- DATA TO PROCESS -
·····

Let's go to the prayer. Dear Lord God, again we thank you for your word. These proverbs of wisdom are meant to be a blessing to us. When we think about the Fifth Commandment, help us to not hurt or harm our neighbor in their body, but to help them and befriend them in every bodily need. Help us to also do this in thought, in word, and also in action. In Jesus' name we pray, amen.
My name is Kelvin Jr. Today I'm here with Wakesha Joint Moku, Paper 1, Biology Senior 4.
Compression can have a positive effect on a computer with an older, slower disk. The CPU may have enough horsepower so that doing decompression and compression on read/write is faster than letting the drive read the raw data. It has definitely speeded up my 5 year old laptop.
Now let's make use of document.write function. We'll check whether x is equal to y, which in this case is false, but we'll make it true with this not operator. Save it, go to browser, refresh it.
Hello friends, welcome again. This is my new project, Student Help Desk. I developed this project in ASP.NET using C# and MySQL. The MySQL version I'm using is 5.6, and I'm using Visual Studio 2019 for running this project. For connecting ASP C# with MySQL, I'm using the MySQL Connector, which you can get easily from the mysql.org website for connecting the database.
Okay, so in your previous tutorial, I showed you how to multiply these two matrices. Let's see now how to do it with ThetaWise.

·····

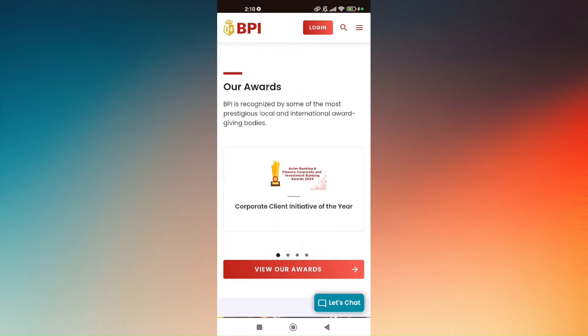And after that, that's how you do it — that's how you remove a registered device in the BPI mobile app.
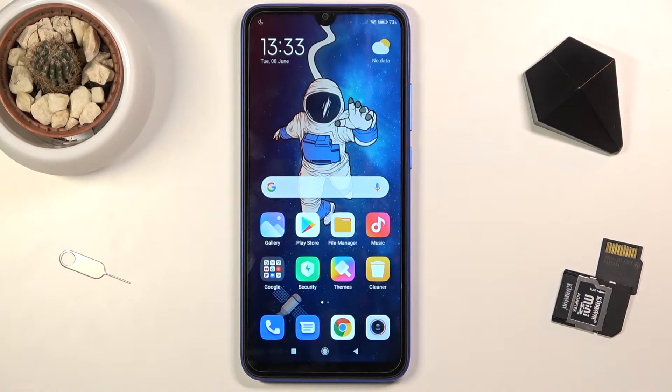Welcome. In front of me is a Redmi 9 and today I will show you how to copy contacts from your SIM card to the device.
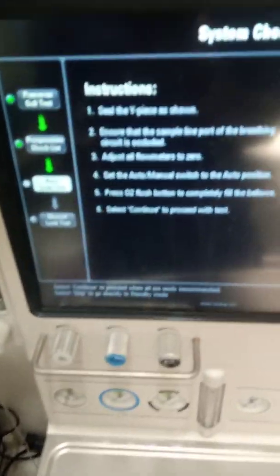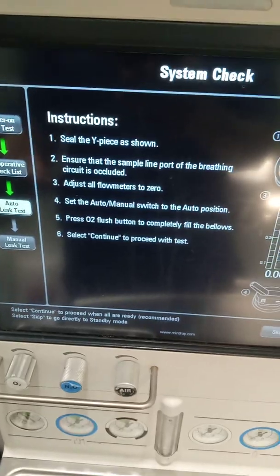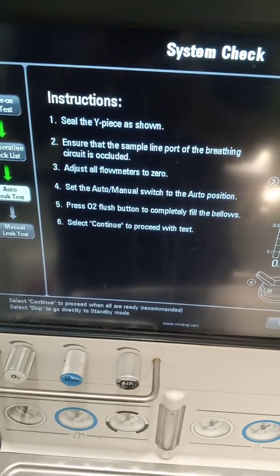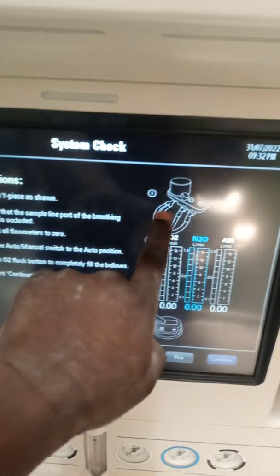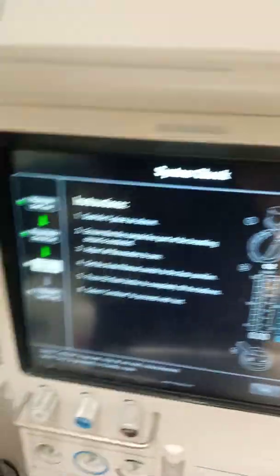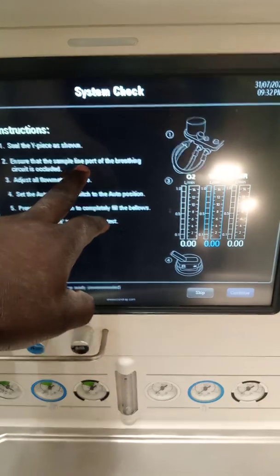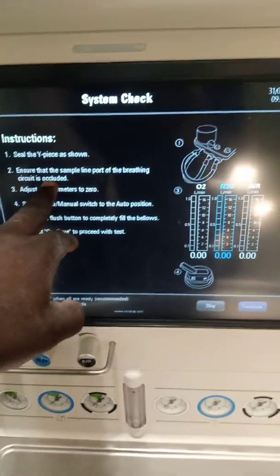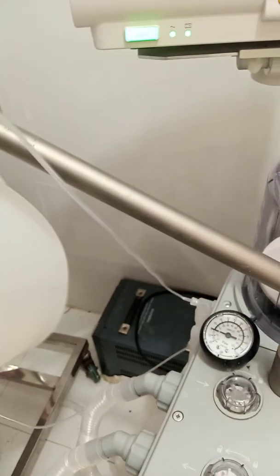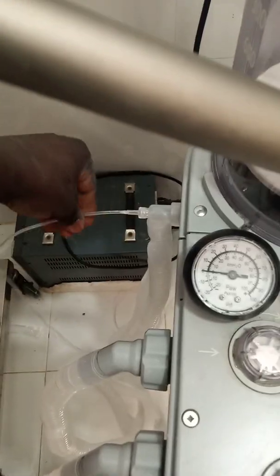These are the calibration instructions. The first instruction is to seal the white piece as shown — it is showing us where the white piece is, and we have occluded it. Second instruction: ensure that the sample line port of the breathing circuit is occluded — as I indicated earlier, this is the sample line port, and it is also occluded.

·····

- WHAT IS REQUIRED -
Beginning at the line with "Now let's make" and stopping after the line with "Okay, so in", please write out every line of the data above exactly and nothing else.

- THE ANSWER -
Now let's make use of document.write function. We'll check whether x is equal to y, which in this case is false, but we'll make it true with this not operator. Save it, go to browser, refresh it.
Hello friends, welcome again. This is my new project, Student Help Desk. I developed this project in ASP.NET using C# and MySQL. The MySQL version I'm using is 5.6, and I'm using Visual Studio 2019 for running this project. For connecting ASP C# with MySQL, I'm using the MySQL Connector, which you can get easily from the mysql.org website for connecting the database.
Okay, so in your previous tutorial, I showed you how to multiply these two matrices. Let's see now how to do it with ThetaWise.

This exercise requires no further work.